Avevo deciso di  riavvicinarmi a casa e scelsi quindi Rieti per il prosieguo della mia carriera. Disputai una stagione da protagonista realizzando un buon numero di reti e l’estate successiva mi arrivarono diverse richieste. Insieme al mio agente di allora Carlo Perrone (ex giocatore tra le altre di Lazio ed Ascoli) valutavamo il da farsi: lui mi parlò di un interessamento del Teramo dell’allora presidente Romano Malavolta, mi disse che era una società seria, ambiziosa, economicamente forte e che sarebbe stata una buona opportunità per la mia carriera. 
Un episodio però indirizzò in senso opposto la mia decisione: mi tornò in mente che quando militavo nelle fila del Nardò incontrammo il Chieti in una amichevole estiva. La partita finì in pareggio ma rimasi impressionato dall’incitamento continuo dei tifosi neroverdi per tutti i novanta minuti di gioco.
Faccio un piccolo inciso: oltre ad essere un appassionato di calcio sono sempre stato un grande appassionato di tifoserie e le ho sempre seguite con molta attenzione. Sapevo che a Chieti la tifoseria storica era quella degli Achaean Generation ai quali più tardi subentrarono gli Irriducibili che per il nome (lo stesso del principale gruppo ultras della Lazio della quale sono tifoso sfegatato) mi erano simpatici. Quello stesso caloroso ed incessante incitamento lo ritrovai nella partita di campionato della stagione 1998-99 in serie C2 giocata all’Angelini e vinta dal Chieti per 2-0 contro di noi con autorete di Landi e gol di Paolo Terzaroli. Io non giocai perché ero infortunato ma ricordo di aver rivisto la partita in tv e aver di nuovo sentito i tifosi neroverdi cantare per tutti i novanta minuti, davvero un sostegno incredibile.
Chiesi quindi a Carlo Perrone di provare a sentire il Chieti per capire se ci fosse la possibilità di vestire la maglia della società di Viale Abruzzo.
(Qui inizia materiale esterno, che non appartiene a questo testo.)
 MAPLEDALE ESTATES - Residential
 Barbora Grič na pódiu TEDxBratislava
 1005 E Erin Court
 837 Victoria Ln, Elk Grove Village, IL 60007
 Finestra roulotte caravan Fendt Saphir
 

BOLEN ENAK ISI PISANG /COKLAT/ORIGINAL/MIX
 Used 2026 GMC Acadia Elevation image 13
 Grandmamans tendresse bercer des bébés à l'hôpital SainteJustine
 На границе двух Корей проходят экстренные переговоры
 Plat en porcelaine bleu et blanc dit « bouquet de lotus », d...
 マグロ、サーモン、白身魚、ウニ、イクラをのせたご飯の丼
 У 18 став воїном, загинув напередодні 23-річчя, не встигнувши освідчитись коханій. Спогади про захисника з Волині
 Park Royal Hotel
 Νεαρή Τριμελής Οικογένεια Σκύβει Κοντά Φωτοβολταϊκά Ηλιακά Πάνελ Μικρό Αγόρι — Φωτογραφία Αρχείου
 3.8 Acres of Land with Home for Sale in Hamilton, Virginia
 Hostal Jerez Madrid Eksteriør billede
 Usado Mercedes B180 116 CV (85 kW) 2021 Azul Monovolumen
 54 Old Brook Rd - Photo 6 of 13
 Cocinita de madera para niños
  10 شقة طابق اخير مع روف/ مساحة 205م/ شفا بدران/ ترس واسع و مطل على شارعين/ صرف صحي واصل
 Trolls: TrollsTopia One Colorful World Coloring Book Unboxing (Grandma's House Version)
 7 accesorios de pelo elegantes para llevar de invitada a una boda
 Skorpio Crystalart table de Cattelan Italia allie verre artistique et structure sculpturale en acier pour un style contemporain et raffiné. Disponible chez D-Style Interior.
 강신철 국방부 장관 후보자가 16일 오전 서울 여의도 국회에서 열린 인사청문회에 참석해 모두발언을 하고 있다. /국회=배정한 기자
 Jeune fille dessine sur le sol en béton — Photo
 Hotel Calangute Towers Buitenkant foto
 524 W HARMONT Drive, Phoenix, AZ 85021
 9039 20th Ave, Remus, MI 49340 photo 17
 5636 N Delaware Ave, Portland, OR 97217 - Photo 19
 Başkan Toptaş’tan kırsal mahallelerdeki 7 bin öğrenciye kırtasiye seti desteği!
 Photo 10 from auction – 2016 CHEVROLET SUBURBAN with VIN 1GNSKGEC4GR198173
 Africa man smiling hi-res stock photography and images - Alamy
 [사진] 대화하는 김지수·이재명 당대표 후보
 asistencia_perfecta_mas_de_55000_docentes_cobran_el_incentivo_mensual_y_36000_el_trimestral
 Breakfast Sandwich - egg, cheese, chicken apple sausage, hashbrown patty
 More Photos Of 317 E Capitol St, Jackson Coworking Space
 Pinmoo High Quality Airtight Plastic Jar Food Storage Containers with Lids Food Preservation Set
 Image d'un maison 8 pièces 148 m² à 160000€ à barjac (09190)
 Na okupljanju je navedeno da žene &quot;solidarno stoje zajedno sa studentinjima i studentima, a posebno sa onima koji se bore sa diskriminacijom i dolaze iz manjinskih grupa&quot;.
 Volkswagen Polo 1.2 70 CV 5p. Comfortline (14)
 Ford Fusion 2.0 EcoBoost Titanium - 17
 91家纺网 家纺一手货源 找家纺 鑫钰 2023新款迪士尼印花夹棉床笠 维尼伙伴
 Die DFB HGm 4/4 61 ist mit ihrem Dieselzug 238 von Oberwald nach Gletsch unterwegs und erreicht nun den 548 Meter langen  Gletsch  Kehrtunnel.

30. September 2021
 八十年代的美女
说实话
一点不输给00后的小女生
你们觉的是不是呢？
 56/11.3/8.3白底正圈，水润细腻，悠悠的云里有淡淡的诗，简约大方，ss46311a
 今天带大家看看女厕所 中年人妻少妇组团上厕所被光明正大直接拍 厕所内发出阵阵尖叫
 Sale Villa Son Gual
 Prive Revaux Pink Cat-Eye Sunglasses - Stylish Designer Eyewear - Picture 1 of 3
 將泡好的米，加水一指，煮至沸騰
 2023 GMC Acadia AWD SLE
Mauro Traini, allora DS neroverde ed amico di Perrone , prese informazioni sul mio conto e di lì a poco siglammo l’accordo per un anno di contratto. Fu proprio un segno del destino visto poi come sono andate le cose…

 

A Chieti hai ritrovato Paolo Zaccagnini tuo compagno nelle giovanili della Lazio per cinque anni e anche lui classe 1977 come te. Escludendo però Alessandro Battisti, Fabio Grosso e lo stesso Paolo eravate tutti volti nuovi per la piazza. La cosa ti preoccupava o ti stimolava?
Eravamo un gruppo molto giovane che aveva tanta voglia di affermarsi o riaffermarsi. Molti di noi venivano da una stagione sottotono e avevano bisogno di rilanciarsi: per me quella precedente era stata una stagione positiva ma in una realtà minore e quindi personalmente nutrivo un forte desiderio di affermarmi in una piazza importante come Chieti. La cosa che mi colpì subito fu l’ossatura della squadra e la difesa arcigna. Ad essere onesti dopo due giorni di ritiro avevo visto all’opera Maurizio Lauro e mi chiedevo come facesse a giocare in C2 un calciatore così, visto che non riusciva a calciare la palla a più di cinque metri di distanza. Nelle partitelle  però giocava spesso in marcatura su di me ed ebbi modo di ricredermi sul suo conto: aveva un senso dell’anticipo fenomenale ed una voglia di fare e lottare fuori dal comune e il prosieguo della sua carriera è lì a testimoniarlo. Maurizio fu uno dei leader di quella difesa e uno dei valori aggiunti di quel Chieti.

 

Tatticamente nel 3-5-2 di partenza di mister Morganti i tuoi polmoni dovevano lavorare parecchio per arare la fascia sinistra. Visto che non avevi mai giocato da esterno, ti chiedo quanto è stato difficile per te adattarsi al nuovo ruolo e se magari avresti preferito giocare altrove.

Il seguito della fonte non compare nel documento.